A walk around Sikorsky “Raider,” contender for world’s fastest military copter

WASHINGTON—At the Association of the United States Army’s Annual Meeting and Exposition here today, Sikorsky gave press and attendees a guided walk-around of the S-97 Raider, a proof-of-concept helicopter developed without government funding that the company hopes will earn a role with the military as an armed scout helicopter. The Raider is different from just about everything in the helicopter world, using a pair of counter-rotating rigid rotors for lift and a tail-mounted propeller for additional thrust, allowing it to fly at speeds of up to 250 miles per hour (220 knots) and hover at extreme altitudes.

The walk-around was guided by the Raider’s chief test pilot Bill Fell, a former Army Kiowa scout pilot who has flown the aircraft for both of the test flights thus far. The Raider first flew in May of this year and again in September after reconfigurations based on the engineering data collected in the first flight.

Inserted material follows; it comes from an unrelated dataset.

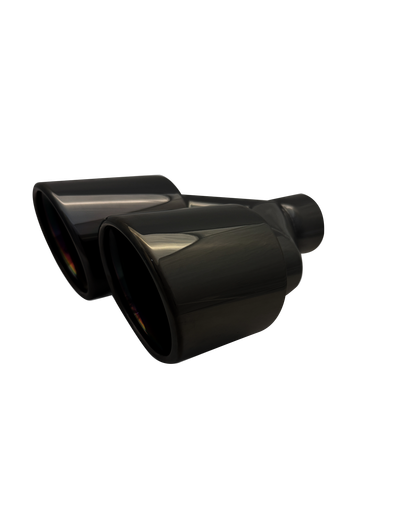2.5 inch Black Chrome Twin (Right) 304 Stainless Steel Slash Cut Exhaust Tail Pipe Staggered - PE22398R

The Raider is based on the research done with Sikorsky’s X2 technology demonstrator, which in 2010 (unofficially) broke the speed record for rotary-wing aircraft by flying at 250 knots (287 miles per hour). It is also in many ways a development platform for the SB-1 Defiant, Sikorsky’s joint proposal with Boeing for the Army’s Future Vertical Lift program. But with the Army having retired its Kiowa scout helicopters, Sikorsky is hoping that the Raider will fill a hole in the Army’s aviation capabilities that can’t currently be filled by unmanned aircraft. “You need to have a human in the loop assessing the situation” on scout missions, Fell said.